Stored entries:

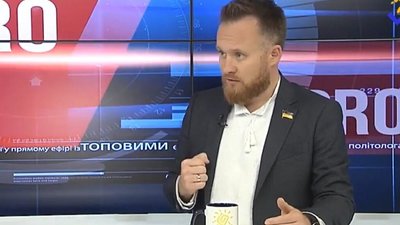 Нардеп-конспіролог з Львівщини пояснив свою скандальну заяву про коронавірус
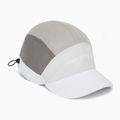 Cappello da baseball Ciele Athletics FSTCap SC Field Iconic SL grigio chiaro/ombra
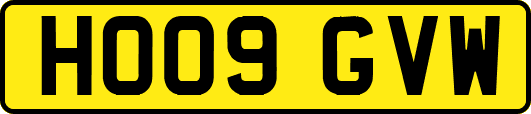 HO09GVW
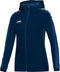 Jako Striker Dames Jack - Jassen - blauw donker - 40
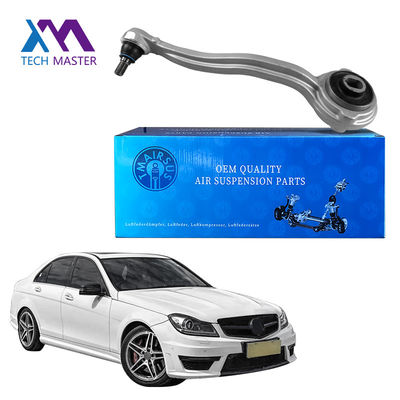 Braço de Controle Frontal Mercedes Benz W203 W204 2043308711 Novo de 2011 -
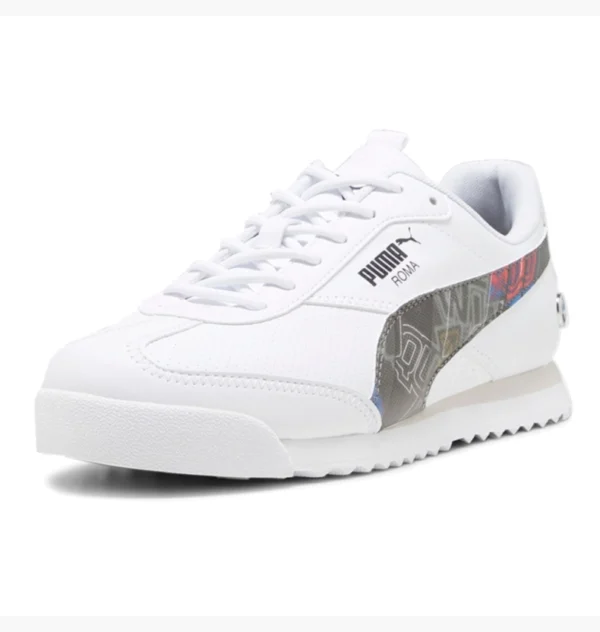 Puma BMW MMS Roma – Image 4
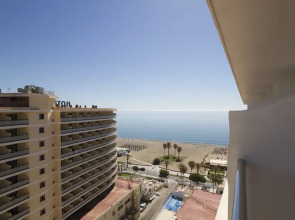 Hotel Ibersol Torremolinos Beach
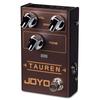 JOYO Overdrive Pedal TAUREN R-01 Black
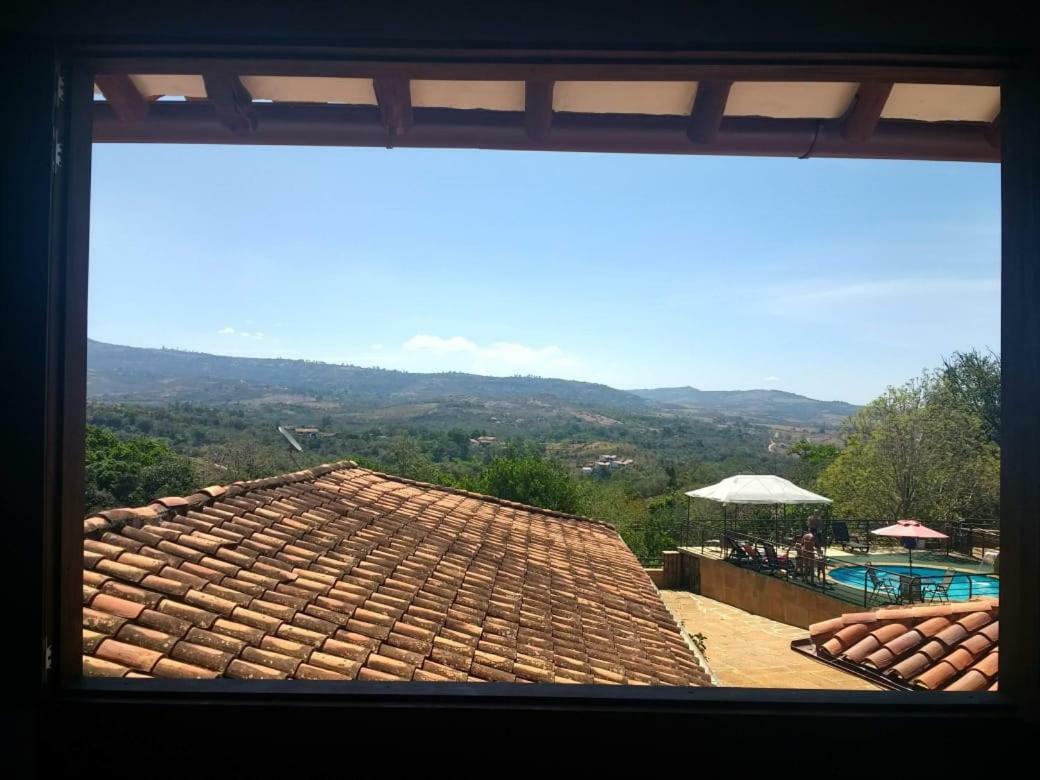 La Loma Hotel בריצ'ארה מראה חיצוני תמונה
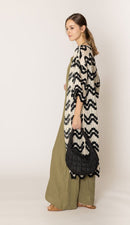 QBS320124 Nelly Small Quilted Puffer Tote Bag - MiMi Wholesale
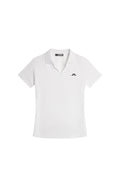 Allison Top - White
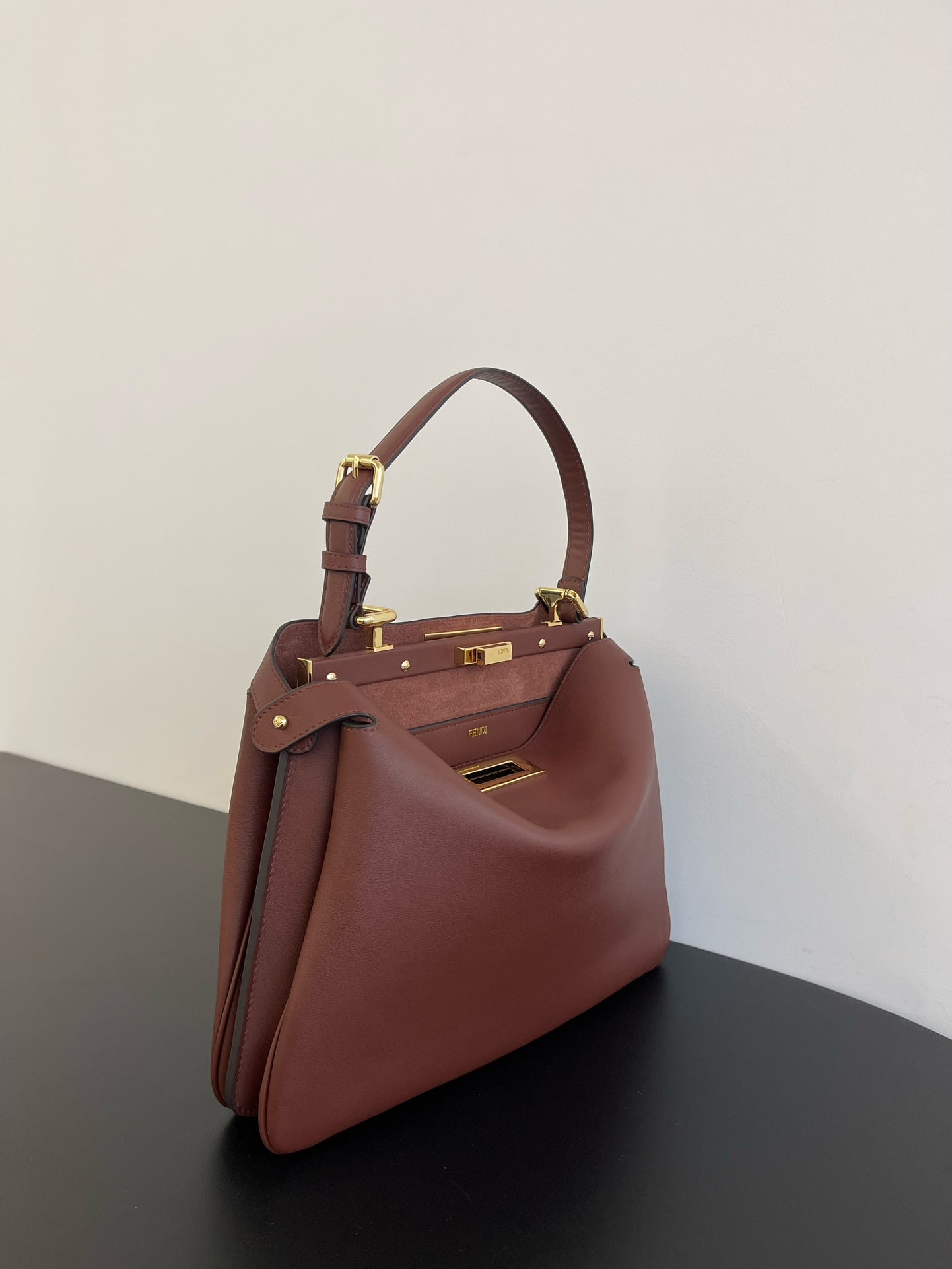 LuxluxHouse Best Quality Bags Women Fendi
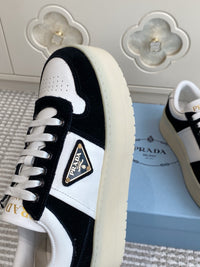 Downtown Bold Platform Sneakers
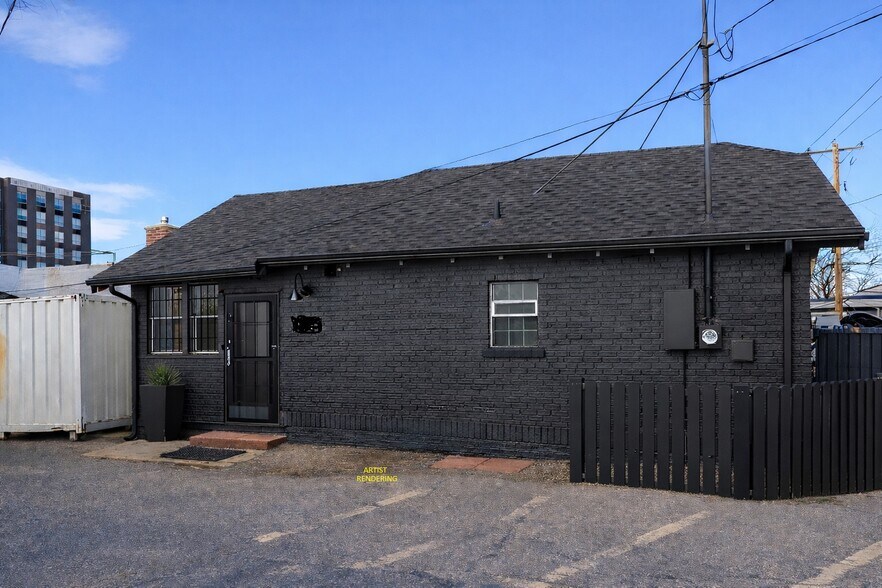 More Photos Of 1938 S Broadway, Denver Freestanding For Sale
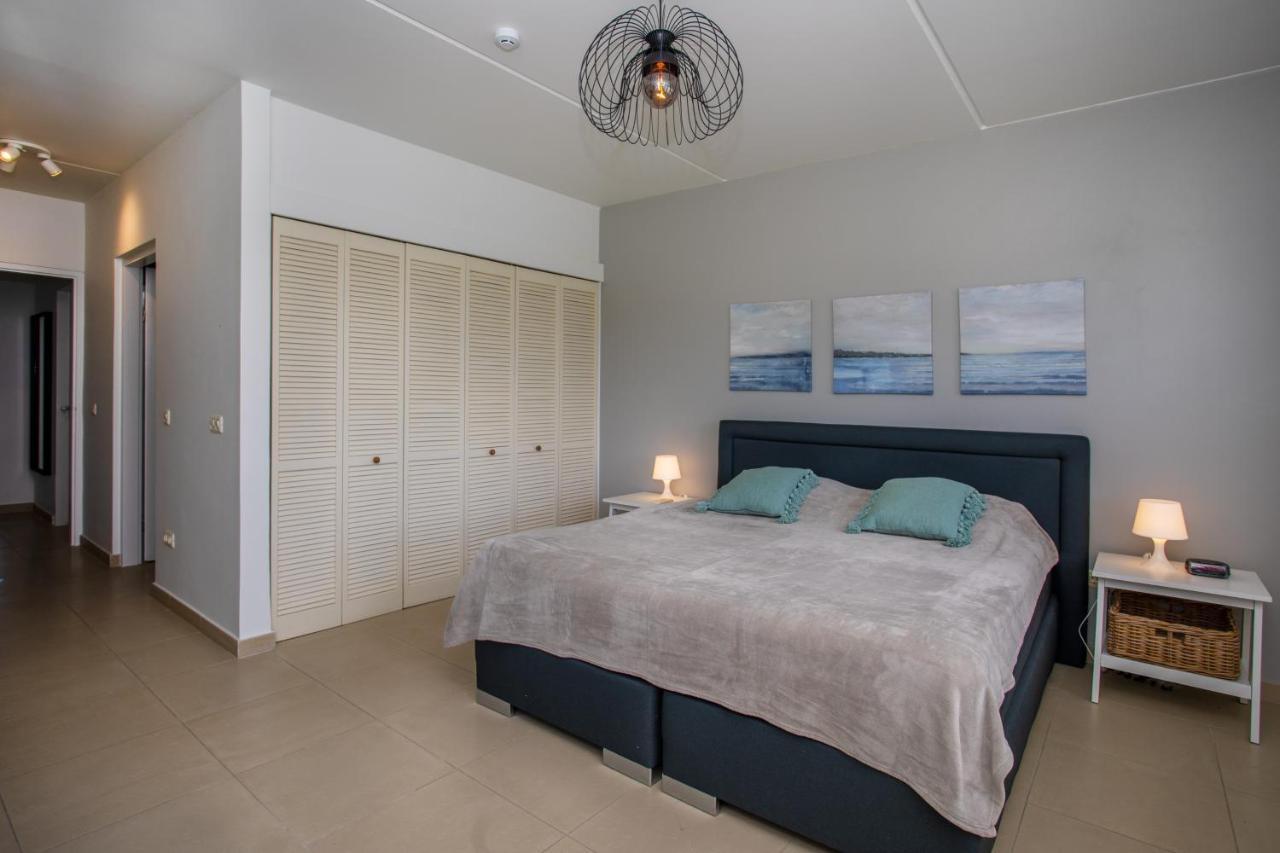 Blue Bay Beach Apartments Appartement *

Exercise goal: All pictures are to be skipped; the lines from the first line of the records through the line containing "Hotel Ibersol Torremolinos Beach" are to be repeated exactly, both ends included.

Task result:
 Нардеп-конспіролог з Львівщини пояснив свою скандальну заяву про коронавірус
 Cappello da baseball Ciele Athletics FSTCap SC Field Iconic SL grigio chiaro/ombra
 HO09GVW
 Jako Striker Dames Jack - Jassen - blauw donker - 40
 Braço de Controle Frontal Mercedes Benz W203 W204 2043308711 Novo de 2011 -
 Puma BMW MMS Roma – Image 4
 Hotel Ibersol Torremolinos Beach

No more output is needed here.